— WORK ORDER —
Retype word for word the stretch of entries below from the line that has "5 важных симптомов" through the line that has "Những thông tin", and omit the pictures.

— DATA EXTRACTS —
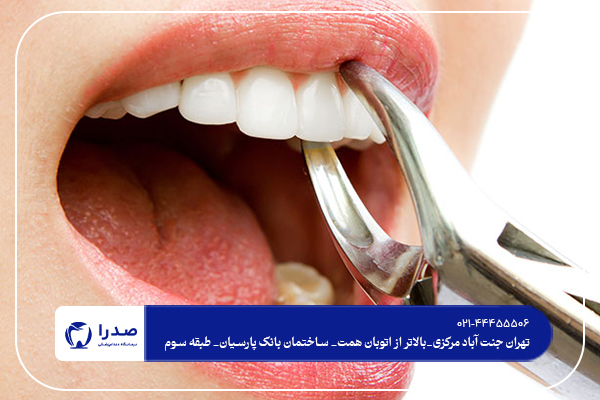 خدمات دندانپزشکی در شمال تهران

==

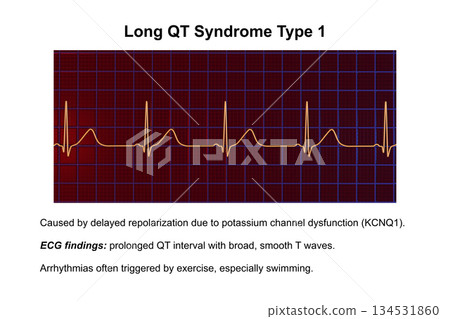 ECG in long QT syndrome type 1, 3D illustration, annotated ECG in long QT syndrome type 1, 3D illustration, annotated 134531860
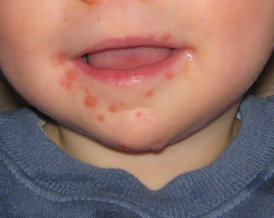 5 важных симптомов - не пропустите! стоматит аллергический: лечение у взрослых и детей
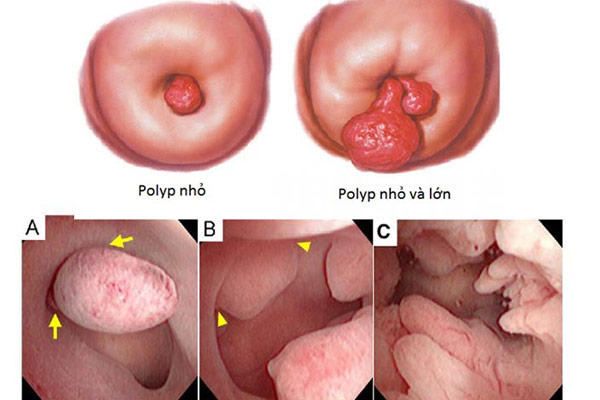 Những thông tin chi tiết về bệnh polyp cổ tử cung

— RESPONSE —
 5 важных симптомов - не пропустите! стоматит аллергический: лечение у взрослых и детей
 Những thông tin chi tiết về bệnh polyp cổ tử cung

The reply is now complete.